In 2010 the festival paid tribute to Tampa Mayor Pam Iorio as she appeared at the festival for the last time officially in her role as Mayor.  FOF presented Iorio with a plaque and a tree planted in her honor along the waterfront by the new art museum and children’s playground.  An engraved stone marker is set in the pavement dedicating the tree to Iorio for her inclusive administration.

In 2010, TIGLFF also launched new technology applications, creating new milestones as the organizers continue to advance the festival and keep current and relevant with its audience:

  • Video streaming trailers were added to the website schedule for every film for the first time, along with photo collections giving viewers a more dynamic and engaging look at the films.
  • Facebook integration on the website schedule allowing viewers to comment on each film and read other comments, as well as push their likes into the Facebook social networked community helping us reach more people through word of mouth.
  • E-voting was added for audience favorite awards and tied to scanner technology recording those in the theater for each film. E-mail reminders were also sent as a follow-up, giving people an easy more convenient way to vote as well as connecting with them personally through email and text.

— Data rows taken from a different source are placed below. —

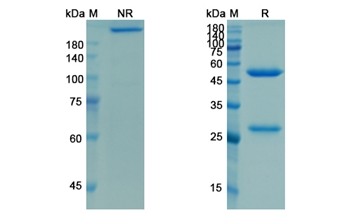 Racotumomab (Idiotope of -(N-glycolylneuraminic acid (NeuGc,NGNA) -gangliosides GM3) Mus musculus IgM-kappa monoclonal antibody P3) - Research Grade Biosimilar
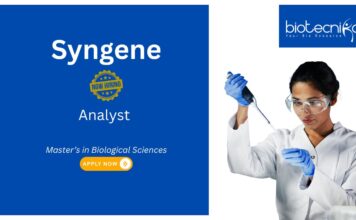 Syngene Biological Sciences Job, for Analyst Role. Hiring Analyst – Pharmacokinetics & Immunogenicity Assays at Immunogenicity Research Lab.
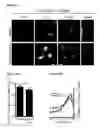 Fig. 53 - METHODS AND COMPOSITIONS FOR DETECTING AND MODULATING CANCER CELLS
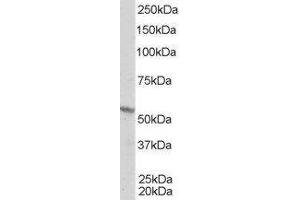ABIN2559796 staining (1µg/ml) of A431 lysate (RIPA buffer, 35µg total protein per lane). (Retinoid X Receptor beta anticorps  (Internal Region))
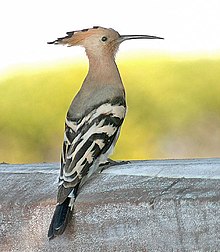 Hoopoes host symbiotic bacteria in their uropygial glands whose secretions act against feather-degrading bacteria. Common Hoopoe (Upapa epops) at Puri Im IMG 9204.jpg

  • The festival’s first post-film Skype Q&A with a filmmaker and actor (Is It Just Me director JC Calcione and actor Nicholas Downs).  Giving both filmmakers and audience more interactive connections, augmenting live appearances with those unable to attend and also keeping costs low while expanding the richness of experience for attendees.  There are many changes occurring concurrently that present fresh and exciting opportunities for festival organizers.  The film industry is changing, GLBT content is changing, distribution is changing, technology and social media are advancing, and there is an ever increasing array of local and regional events and activities (GLBT and non-GLBT) competing for the time, attention and monies of our local community.  As the festival looks forward organizers must address the complexity of these changing dynamics and reinvent itself in fresh, creative and engaging ways.  And they will!